What You Need to Know About the Twitter IPO
If you thought a Carl Icahn tweet couldn’t be upstaged, you were wrong. Exactly one hour after the closing bell, Twitter announced on its own site that it had filed a confidential S-1 for a planned IPO. This was huge news.
We’ve confidentially submitted an S-1 to the SEC for a planned IPO. This Tweet does not constitute an offer of any securities for sale.
— Twitter (@twitter) September 12, 2013
First, it’s Twitter—the hottest social media site next to Facebook (NASDAQ: FB) and with the younger demographic migrating from Twitter to Facebook en masse, Facebook is running a little scared. Recent Facebook feature rollouts include hashtags, the ability to embed statuses, and the ability for certain media outlets to embed a real-time Facebook feed into its broadcasts—all features Twitter already has that are widely popular.

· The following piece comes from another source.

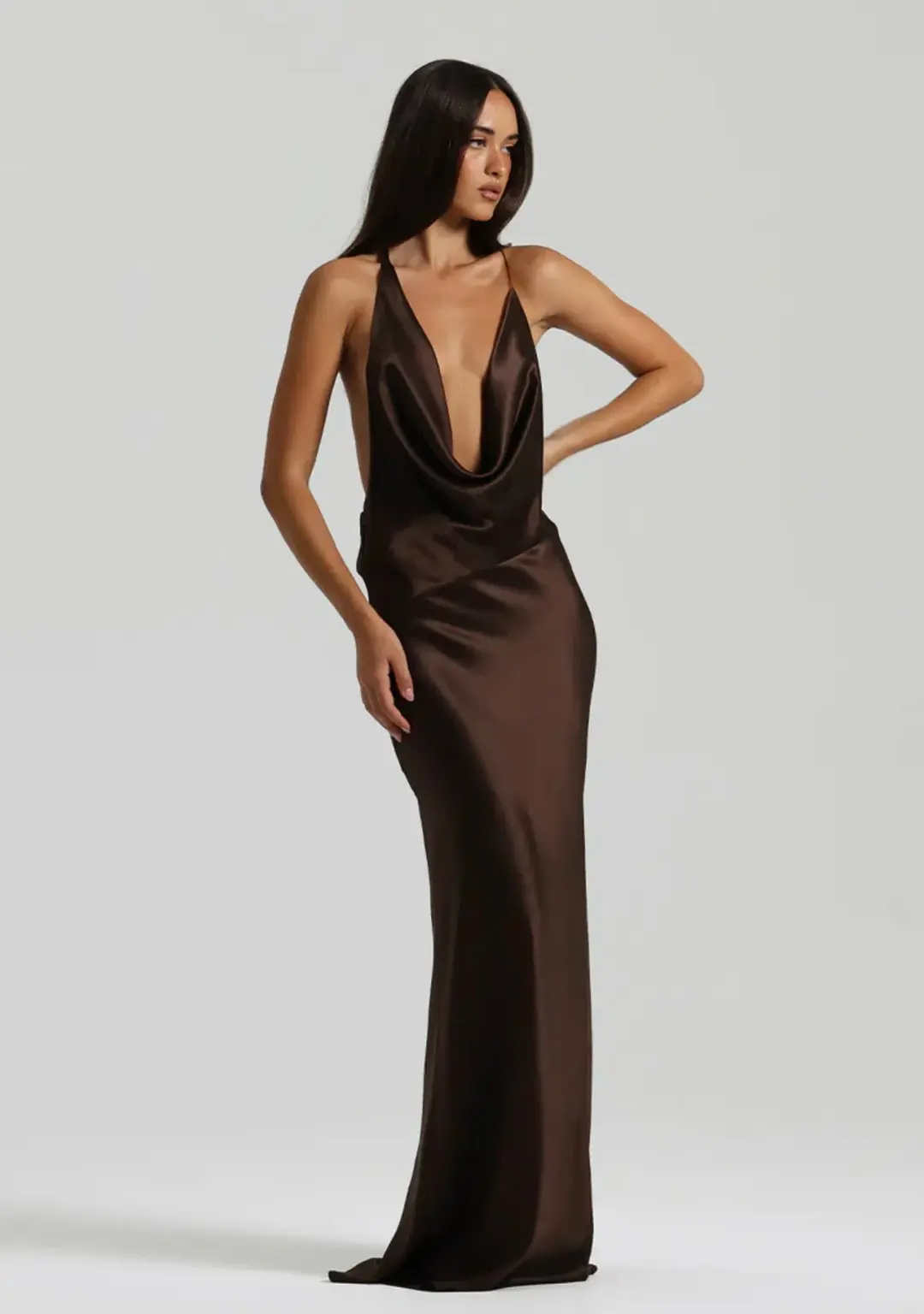 Natalie Rolt Gabi Gown Espresso Size 6 for rent on The Volte - main image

Second, this is probably the first time many investors have heard of a confidential filing. Under the JOBS Act, a company that has less than $1 billion in sales can file confidentially. Twitter won’t have to disclose financial information until right before its investor road show.
According to Bloomberg, the confidential filing may be an effort to keep the IPO from becoming as overhyped as Facebook. By the time the IPO priced, Facebook opened at a multiple of 107 times trailing 12 month-earnings. As a result, the stock didn’t have that double or triple digit percentage gain on its opening day of trading that underwriters hope for. In fact, the stock dropped 53 percent in its first year of trading.

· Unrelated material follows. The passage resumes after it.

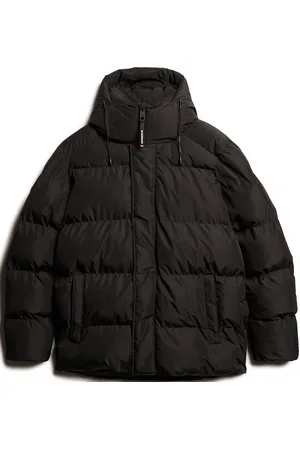 Superdry Hooded 5 Baffle Sports Puffer Ullfrakk Frakk Black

Twitter doesn’t want to be the giant disappointment that Facebook was in year one.
But along with those two key points, other news surfaced. Twitter will use Goldman Sachs (NYSE: GS) as its underwriter. Goldman’s chief competitor, Morgan Stanley (NYSE: MS) was left out of the deal. Some insiders speculate that its handling of the Facebook IPO left a bad taste in Twitter’s mouth.
Next, Twitter won’t list on NASDAQ (NASDAQ: NDAQ) with the rest of the sexy tech stocks. Again, its embarrassing handling of the Facebook IPO is likely the reason. The recent outages on the exchange can’t be helping either.

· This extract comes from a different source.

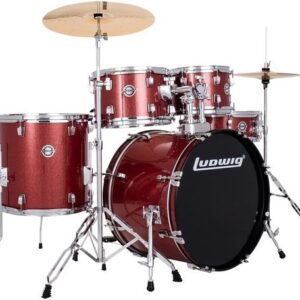מערכת תופים לדוויג Ludwig Accent 20″ 5 חלקים עם אביזרים ומצילות Red Sparkle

The move didn’t come as much of a surprise for some. Twitter executives spent their summer talking to the major investment banks about the potential IPO and a recent job posting on LinkedIn (NASDAQ: LNKD) for a financial reporting manager to handle regulatory filings gave investors a pretty good indication that the announcement was imminent.
Twitter has an estimated market cap of $10 billion—less than a tenth of Facebook’s value but it has 200 million users and growing fast. Twitter will likely bring in about $500 million in advertising this year and $1 billion in 2014. Speculation is that the IPO will take place in December of this year.
Disclosure: At the time of this writing, Tim Parker had no position in the companies mentioned.